PROVIDED DATA »
::::::

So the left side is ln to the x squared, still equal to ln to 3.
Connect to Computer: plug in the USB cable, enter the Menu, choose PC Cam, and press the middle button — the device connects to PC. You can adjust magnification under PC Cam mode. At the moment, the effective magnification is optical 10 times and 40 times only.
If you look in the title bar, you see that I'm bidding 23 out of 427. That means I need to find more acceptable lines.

::::::

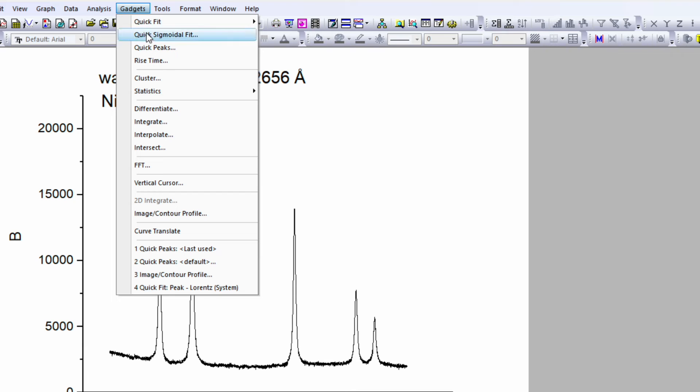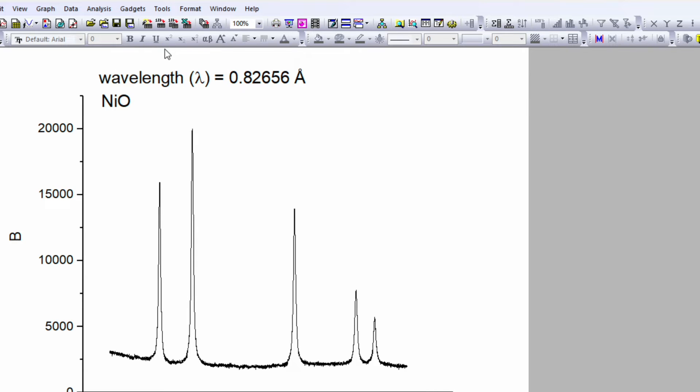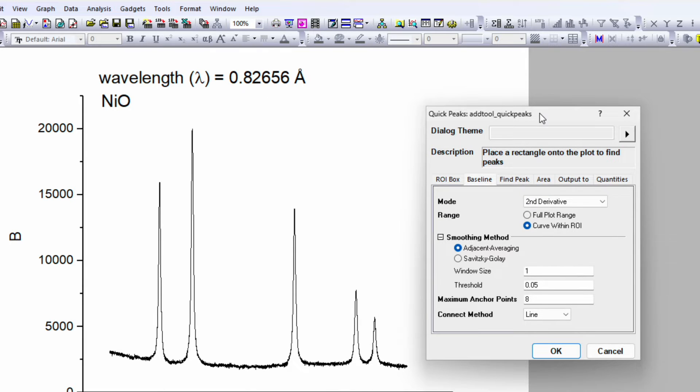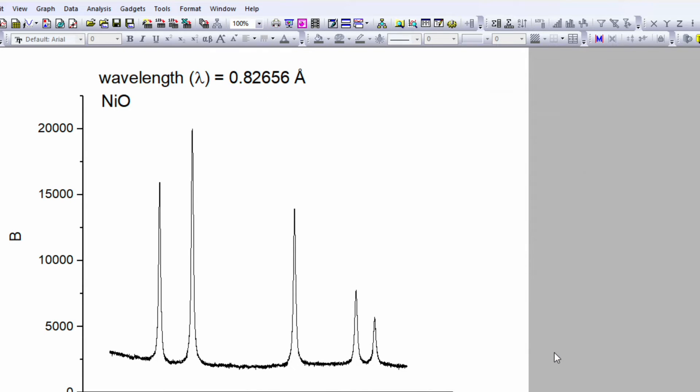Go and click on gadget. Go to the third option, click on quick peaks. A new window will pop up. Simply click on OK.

::::::

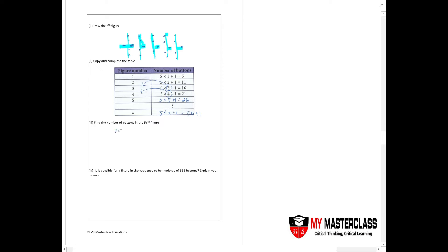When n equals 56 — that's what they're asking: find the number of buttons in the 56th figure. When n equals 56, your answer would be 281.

::::::

HOW TO COMPLETE THIS TASK » From the material above, retype precisely the lines between the line holding "So the left" and the line holding "If you look", inclusive, and nothing beyond them.

EXERCISE RESPONSE »
So the left side is ln to the x squared, still equal to ln to 3.
Connect to Computer: plug in the USB cable, enter the Menu, choose PC Cam, and press the middle button — the device connects to PC. You can adjust magnification under PC Cam mode. At the moment, the effective magnification is optical 10 times and 40 times only.
If you look in the title bar, you see that I'm bidding 23 out of 427. That means I need to find more acceptable lines.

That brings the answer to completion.